Hauling empty packs, Holland traversed the icy subarctic route from her home to the bus stop: roughly one-third of a mile, in temperatures that hovered around zero degrees Fahrenheit. She then rode the bus for two miles, disembarked, and approached the grocery store. (When pressed by Outside about her use of public transportation, which would normally disqualify an expedition from using the “unsupported” label, Holland said she was guided by Colin O’Brady’s more expansive definition of the term.)
At the grocery store, Holland encountered her crisis: a fiber-optic outage had knocked out the internet, and registers could not accept payment by credit or debit cards. It was chaos, and some felt there was no way forward. Undeterred, Holland improvised a traverse south for half a mile to the bank, withdrew cash via a human teller, and circled back. “My strength was still good at this point,” Holland recalls. “I was behind schedule, but I still felt confident I could complete the expedition.”
Back at the store, Holland navigated aisles largely stripped of items like evaporated milk, rice, and canned tomatoes. (She was, however, able to secure the last carton of chicken broth.) It was modestly busy with shoppers but the more challenging obstacles were the employees, who were heroically restocking the shelves from large carts loaded with eggs, canned soups, and other essentials. How did Holland maintain safe social-distancing space?
“My reflexes were solid,” Holland says. “I was able to maneuver around them.”
Checkout was mercifully easier than Holland anticipated. The lines—carefully spaced, socially distant lines!—were only five or six shoppers deep, rather than the ten or twelve that our seasoned adventurer had prepared for. Soon Holland was clear. With the summit behind her, she loaded her packs for the return trip.

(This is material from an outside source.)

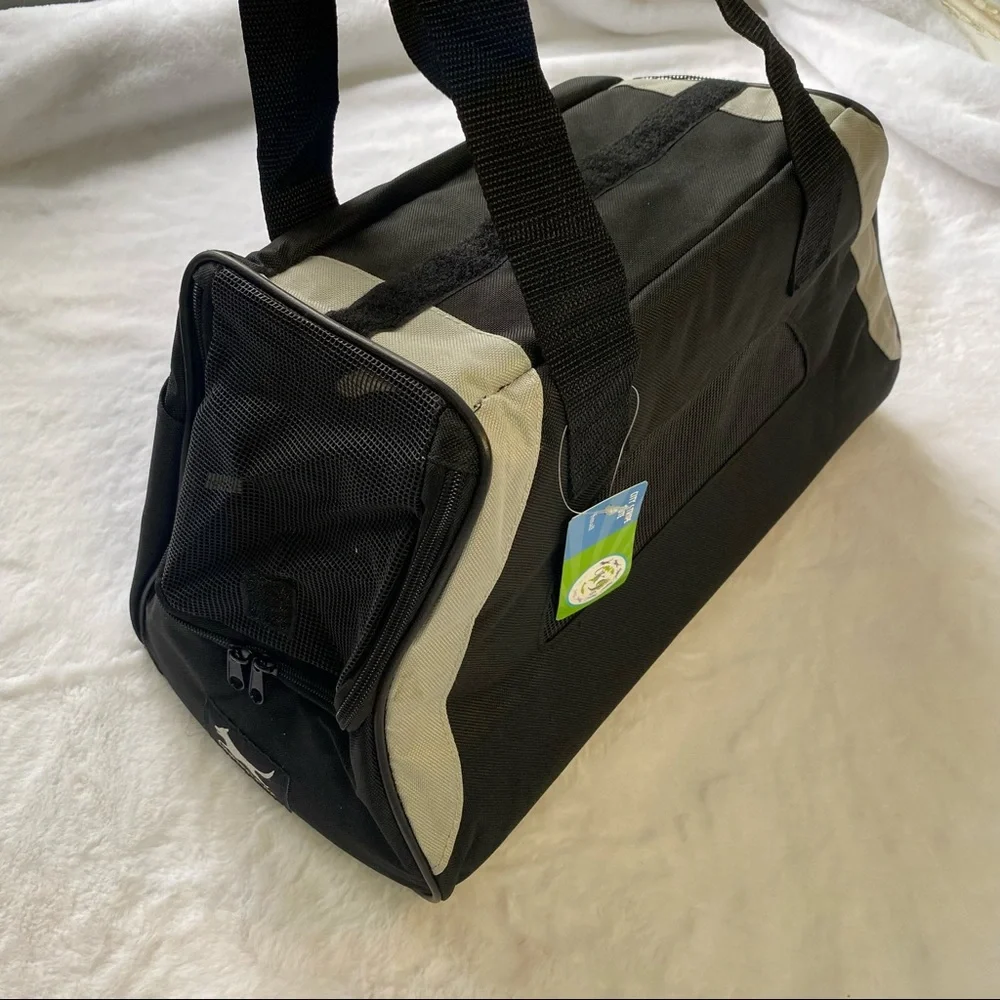Pet Carrier Black NWT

That’s when things got really hard.
After dragging her heavy load out of the store and to the bus stop, Holland waited in vain for public transit that never showed. (Anyone who’s ever waited for resupply knows that feeling.) With temperatures dropping, Holland made another half-mile southbound traverse, fully loaded, to the main bus depot.
“There were moments when I felt like breaking,” Holland later said, admitting that she came close to calling a cab. “But ultimately, I was able to just take it step by step and focus on doing the work, just man-hauling down to Main Street.”
Once she caught a bus at the depot, all that remained was a final leg of overland travel to her home to finish the expedition. (Spoiler: she made it.) But for Holland, it’s not really about bragging rights.
“I learned so much about myself along the way,” she says. “What I’ll remember is the journey.”